Records contained in a dataset:
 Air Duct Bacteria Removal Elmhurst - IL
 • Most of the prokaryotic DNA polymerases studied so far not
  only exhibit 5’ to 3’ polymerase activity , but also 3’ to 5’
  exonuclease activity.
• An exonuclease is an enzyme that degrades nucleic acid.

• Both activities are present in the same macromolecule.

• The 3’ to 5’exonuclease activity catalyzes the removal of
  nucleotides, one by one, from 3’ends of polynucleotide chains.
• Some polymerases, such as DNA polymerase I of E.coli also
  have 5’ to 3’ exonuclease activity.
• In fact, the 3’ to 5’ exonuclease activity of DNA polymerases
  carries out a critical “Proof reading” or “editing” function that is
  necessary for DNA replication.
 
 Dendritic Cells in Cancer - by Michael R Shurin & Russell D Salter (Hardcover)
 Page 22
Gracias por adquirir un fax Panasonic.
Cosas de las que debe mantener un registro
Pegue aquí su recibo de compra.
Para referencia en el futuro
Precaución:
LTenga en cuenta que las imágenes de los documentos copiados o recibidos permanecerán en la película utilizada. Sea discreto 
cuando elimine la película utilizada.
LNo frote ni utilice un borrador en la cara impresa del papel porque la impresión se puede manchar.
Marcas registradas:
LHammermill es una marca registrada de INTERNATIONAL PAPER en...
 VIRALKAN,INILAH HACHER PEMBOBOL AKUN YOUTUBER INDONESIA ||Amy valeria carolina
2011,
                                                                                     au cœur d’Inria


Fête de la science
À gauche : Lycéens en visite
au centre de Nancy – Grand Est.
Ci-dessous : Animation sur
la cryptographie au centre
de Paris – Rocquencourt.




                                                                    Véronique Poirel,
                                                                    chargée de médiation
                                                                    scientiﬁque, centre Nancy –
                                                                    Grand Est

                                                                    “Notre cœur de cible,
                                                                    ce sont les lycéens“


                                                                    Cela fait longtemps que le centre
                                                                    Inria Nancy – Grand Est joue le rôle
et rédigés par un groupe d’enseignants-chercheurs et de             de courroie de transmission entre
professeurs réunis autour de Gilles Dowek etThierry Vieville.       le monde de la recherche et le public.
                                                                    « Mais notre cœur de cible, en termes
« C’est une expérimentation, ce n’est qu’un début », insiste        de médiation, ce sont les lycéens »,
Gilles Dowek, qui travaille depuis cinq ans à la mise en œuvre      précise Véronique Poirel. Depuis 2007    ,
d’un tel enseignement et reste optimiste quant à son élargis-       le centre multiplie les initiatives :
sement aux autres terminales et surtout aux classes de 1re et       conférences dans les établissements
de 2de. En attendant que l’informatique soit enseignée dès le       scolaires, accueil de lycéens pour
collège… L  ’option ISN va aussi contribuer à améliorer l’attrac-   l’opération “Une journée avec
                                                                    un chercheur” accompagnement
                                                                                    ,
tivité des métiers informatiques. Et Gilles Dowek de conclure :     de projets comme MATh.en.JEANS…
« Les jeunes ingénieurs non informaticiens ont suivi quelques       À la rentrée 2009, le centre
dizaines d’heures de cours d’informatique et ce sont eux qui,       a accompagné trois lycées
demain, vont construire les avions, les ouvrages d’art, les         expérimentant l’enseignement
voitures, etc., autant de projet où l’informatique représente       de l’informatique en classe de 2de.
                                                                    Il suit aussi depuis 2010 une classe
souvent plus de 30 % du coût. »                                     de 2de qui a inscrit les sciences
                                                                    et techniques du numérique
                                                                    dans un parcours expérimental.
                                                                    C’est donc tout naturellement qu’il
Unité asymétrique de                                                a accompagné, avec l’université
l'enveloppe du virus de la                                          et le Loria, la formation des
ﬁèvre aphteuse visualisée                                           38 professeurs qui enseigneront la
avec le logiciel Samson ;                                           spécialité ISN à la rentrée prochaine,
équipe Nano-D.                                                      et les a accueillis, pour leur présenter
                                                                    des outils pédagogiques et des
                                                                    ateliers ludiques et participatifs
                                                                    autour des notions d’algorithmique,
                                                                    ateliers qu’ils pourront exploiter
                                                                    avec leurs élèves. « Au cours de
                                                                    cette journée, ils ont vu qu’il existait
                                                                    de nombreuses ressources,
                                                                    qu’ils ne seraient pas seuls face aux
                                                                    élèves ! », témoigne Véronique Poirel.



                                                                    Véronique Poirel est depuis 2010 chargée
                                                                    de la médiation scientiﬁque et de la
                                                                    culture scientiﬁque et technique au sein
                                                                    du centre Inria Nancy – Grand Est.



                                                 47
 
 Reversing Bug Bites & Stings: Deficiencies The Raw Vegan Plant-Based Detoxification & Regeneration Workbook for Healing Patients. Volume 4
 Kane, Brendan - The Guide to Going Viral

WORK ORDER: Reproduce, exactly as they stand in the data above, the lines from the one that holds "dans un parcours" to the one that holds "avec leurs élèves.", inclusive.

TASK RESPONSE:
                                                                    dans un parcours expérimental.
                                                                    C’est donc tout naturellement qu’il
Unité asymétrique de                                                a accompagné, avec l’université
l'enveloppe du virus de la                                          et le Loria, la formation des
ﬁèvre aphteuse visualisée                                           38 professeurs qui enseigneront la
avec le logiciel Samson ;                                           spécialité ISN à la rentrée prochaine,
équipe Nano-D.                                                      et les a accueillis, pour leur présenter
                                                                    des outils pédagogiques et des
                                                                    ateliers ludiques et participatifs
                                                                    autour des notions d’algorithmique,
                                                                    ateliers qu’ils pourront exploiter
                                                                    avec leurs élèves. « Au cours de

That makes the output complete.